One notable application of RemoveUnconnectedNodes is in Limited Area Modeling (LAM), where a global dataset is often specified as a forcing boundary, but the analysis is only concerned with nodes near the limited area boundary. By pruning unconnected nodes, this post-processor ensures the resulting graph is focused on the region of interest, making it more efficient during training.

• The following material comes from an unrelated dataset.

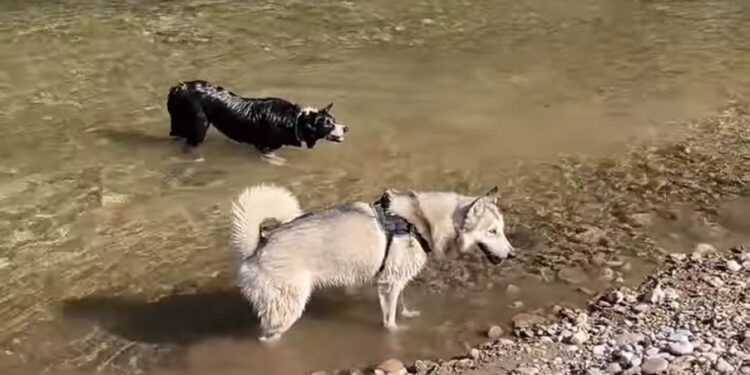 Un pueblo de Castellón estrena una zona permitida al baño para perros en una playa continental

The RemoveUnconnectedNodes post-processor also provides functionality to store the indices of the pruned nodes (mask). This feature is particularly valuable for workflows involving training or inference, as it enables users to repeat the same masking operation consistently across different stages of analysis. To enable this feature, the user can specify the save_indices_mask_attr parameter. This parameter takes a string that represents the name of the new node attribute where the masking indices will be stored.

nodes: ...
edges: ...

post_processors:
- _target_: anemoi.graphs.processors.RemoveUnconnectedNodes
   nodes_name: data
   save_mask_indices_to_attr: indices_connected_nodes # optional

The RemoveUnconnectedNodes post-processor also supports an ignore argument, which is optional but highly convenient in certain use cases. This argument corresponds to the name of a node attribute used as a mask to prevent certain nodes from being dropped, even if they are unconnected. For example, in LAM workflows, it may be necessary to retain data nodes from the regional dataset that remain unconnected.

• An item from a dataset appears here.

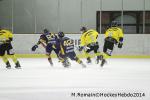 Photo hockey match Chamonix  - Rouen le 02/01/2014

By specifying the ignore argument, users can ensure that such nodes are preserved. For example:

nodes: ...
edges: ...

post_processors:
- _target_: anemoi.graphs.processors.RemoveUnconnectedNodes
   nodes_name: data
   ignore: important_nodes
   save_mask_indices_to_attr: indices_connected_nodes # optional

In this configuration, any node with the attribute important_nodes set will not be pruned, regardless of its connectivity status.

RestrictEdgeLength

The RestrictEdgeLength post-processor will remove edges longer than a certain treshold (set in km). This can be useful when one or multiple edge builders create edges of various lenghts, some of which are undesirable. For example when using KNNEdges applied to all of the hidden mesh but only a subset of the data nodes (e.g. those in a LAM region) also connections are made to hidden mesh nodes very far away from the restricted set of data nodes. With this post-processor one can remove such edges, effectively providing a KNNedges algorithm applied only that part of the data mesh within a certain distance to the restricted set of data nodes.

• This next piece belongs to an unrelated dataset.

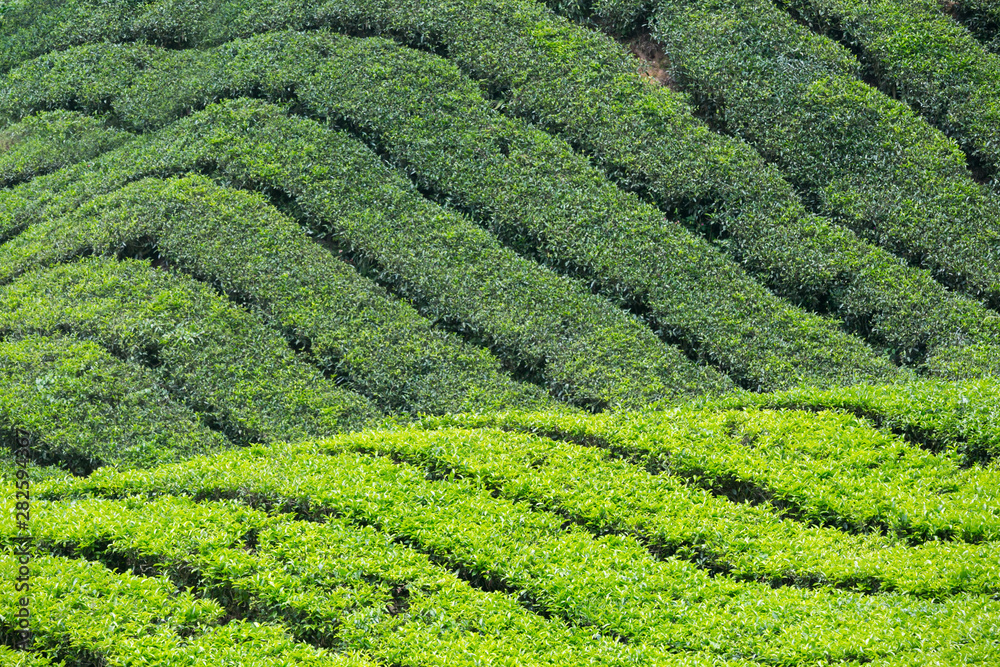 Tea Plantation in Cameron Highlands, Malaysia.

After the long edges are removed the edge attributes are recomputed, since the removal of a large number of edges can change their distribution.

nodes: ...
edges: ...

post_processors:
- _target_: anemoi.graphs.processors.RestrictEdgeLength
  source_name: data                #source nodes of the edges to be processed
  target_name: hidden              #target nodes of the edges to be processed
  max_length_km: 20                #edges longer than the threshold of 20 km will be removed

The RestrictEdgeLength post-processor also supports the source_mask_attr_name and target_mask_attr_name arguments. These are optional but allow to refer to a Boolean attribute of the source/target nodes and only those edges whose source/target is True under this Boolean mask will be postprocessed. This can be useful if one wants to exclude a subset of edges that are allowed to be longer than the threshold. An example usage:

nodes: ...
   attributes:
      cutout:
         _target_: anemoi.graphs.nodes.attributes.CutOutMask
edges: ...
postprocessors:
- _target_: anemoi.graphs.processors.RestrictEdgeLength
  source_name: data                #source nodes of the edges to be processed
  target_name: hidden              #target nodes of the edges to be processed
  max_length_km: 20                    #edges longer than this threshold (in km) will be removed
  source_mask_attr_name: cutout    #optional

With this configuration only edges whose source is in the cutout region will be post-processed, i.e. those edges with source node outside the cutout region will be preserved regardless of their length.